Despite having a 12" telescope, sometimes it's handy just to use the system as a tracking platform for a film camera!

Video Imaging

A video camera of 80s vintage.

A modern ultra-sensitive surveillance camera works great for astronomy. The camera is dwarfed by the 50mm focus assembly!
Originally we did some experiments with a reasonably old video camera (above left) as it has a 50mm aperture lens instead of the smaller ones that prevail nowdays. Despite its bulk it was, for some reason, easier to mount to the telescope than any other camera that we tried. This is not really the ideal setup for attaching a camera to a telescope since the telescope is effectively a giant lens anyway and should be usable without projecting the telescope's image onto the camera's own lens.

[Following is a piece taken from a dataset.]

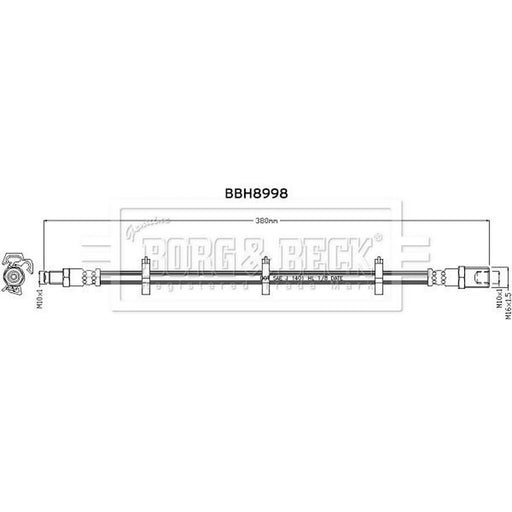 Borg & Beck Brake Hydraulic Hose Line Rear Left BBH8998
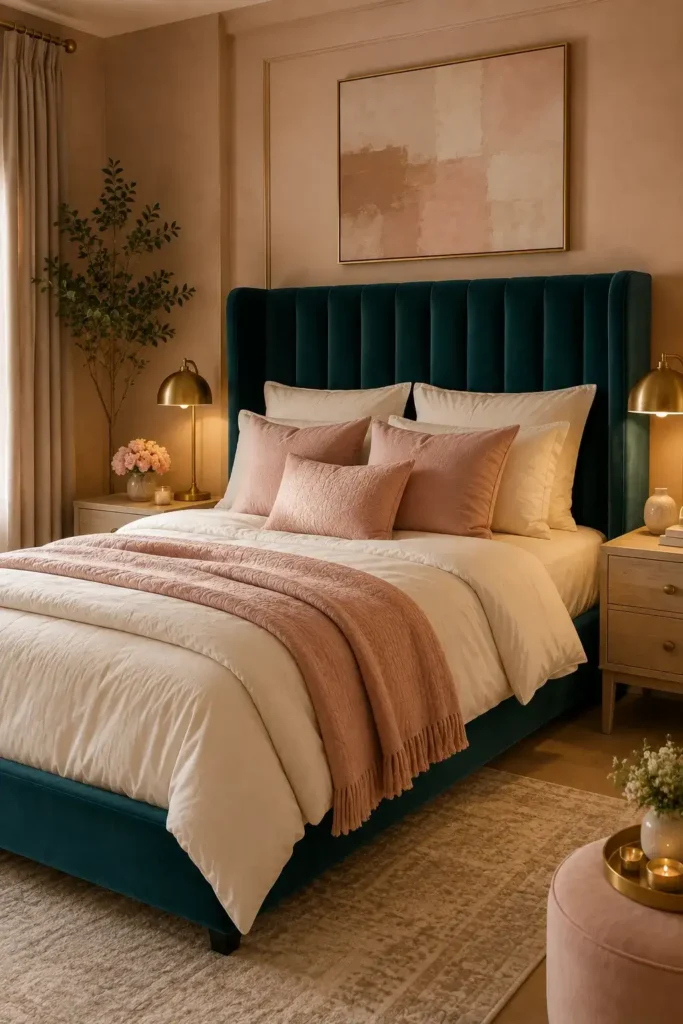 Teal upholstered bed with soft pink bedroom accessories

A domestic video camera is actually not that great for astronomy because they are not really sensitive enough for anything except the moon and some planets.
We have been experementing with ultra low light surveilance cameras that usually use Sony's HAD technology. As well as being able to record occultation events this will also be very handy for "looking" through the telescope from across the network. Using this camera we can easily record stars at 10th magnitude and is usable down to 12th while maintaining a 50 field/second rate.

See some work we have done with this camera.
To be useful, video astronomy needs a good on-screen time reference in order to time events. To do this we use our GPS clock (below right and here ), and generate a video on-screen display (OSD) with the UTC date and time to millisecond precision. The OSD board can be seen below left and its display on the 4" monitor. The simplicity of the board doesn't hide anything at all - OSD is as simple as a video sync separator and a microcontroller.

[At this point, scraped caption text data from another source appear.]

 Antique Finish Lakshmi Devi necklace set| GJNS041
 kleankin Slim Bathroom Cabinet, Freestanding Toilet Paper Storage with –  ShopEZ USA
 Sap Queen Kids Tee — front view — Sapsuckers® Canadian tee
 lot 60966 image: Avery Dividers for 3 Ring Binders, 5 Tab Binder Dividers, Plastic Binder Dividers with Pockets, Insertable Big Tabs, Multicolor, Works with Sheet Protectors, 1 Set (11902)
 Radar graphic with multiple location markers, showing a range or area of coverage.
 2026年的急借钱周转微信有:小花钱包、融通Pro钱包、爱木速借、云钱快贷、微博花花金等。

Practical uses of this can be seen on our science  page

GPS video timingstamper. The text near the bottom of the screen is overlayed onto the video by the microcontroller on the PCB.

The GPS clock is at the top of the left pole (the other thing is a rain gauge).


Photometrry  used to be the domain of dedicated instruments called photometers but for many applications the CCD camera (in still or motion form) is taking over.

The photometer that we use is the relatively low cost Optec SSP5a photomultiplier tube photometer with Johnson UBV filters. This was a natural progression from the SSP3 that we started off with (the PIN diode version) since no change in acquisition hardware was required. It reports counts in DC mode rather than a direct photon count.